Santosh: Interviewee working at Microsoft with 9 years experience in data-driven technologies.
Arun: Interviewer with 15 years experience, 10+ years at TCS as a data scientist and data engineer.

Daily Activities: Agile methodology, adhoc requests, pipeline implementation, reporting.
Project Overview: Data collection and integration from multiple sources, Transformation using Azure Data Factory and data bricks.
Transformations: Rolling Seven Day sales, 14 Day sales average, product sold per year.

Spark Jobs: Use RDDs, data sets, data frames, persist, cache, serialization, broadcast variables and joins.
Lazy Evaluation: Program organized into small operations, improve speed and avoid unnecessary computations.

ETL Tasks: Data extraction and transformation, storage in data lakes, running models.
Airflow: Used for scheduling and running jobs.
Incremental Load: Use of watermark column for efficient data loading.
Autoscaling vs.
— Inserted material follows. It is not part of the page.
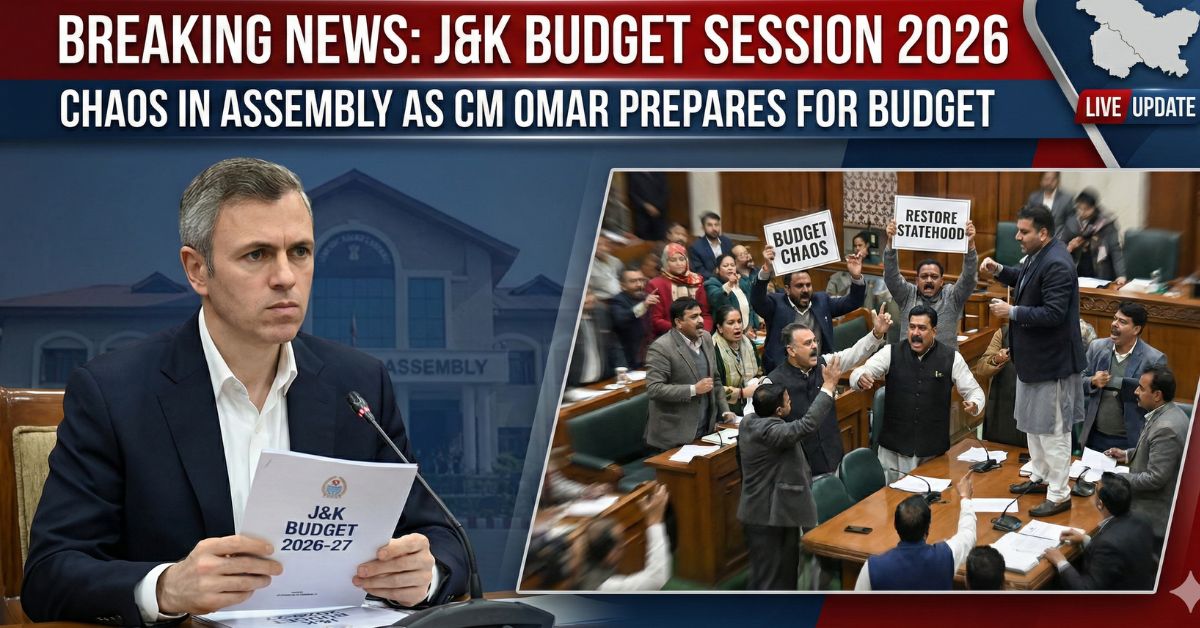 J&K Budget Session 2026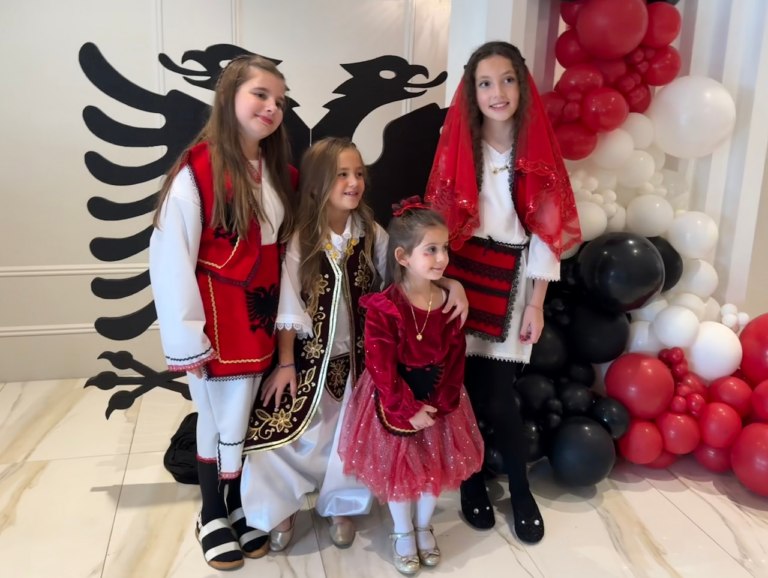 Hundreds celebrate their heritage at inaugural Albanian Independence Day Children’s Party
Incremental Load: Incremental load more efficient for specific intervals.

Group by Key vs. Reduce by Key: Optimization and shuffling.
Azure Functions: Use cases such as optimizing costs in pipelines by triggering on file change.
Data Validation: Error log tables, exception handling in Python, stored procedures.
Custom Functions in PySpark: UDF (User Defined Functions).
Access Management: Azure Active Directory, access management using IAM, access keys.
Troubleshooting in Data bricks: Resource consumption, log analytics.

Role Description: ETL tasks, scheduling jobs, supporting data science and BI teams, and automating processes.
TCS Experience: Large MNC, employee-friendly, possibility of onsite opportunities depending on performance.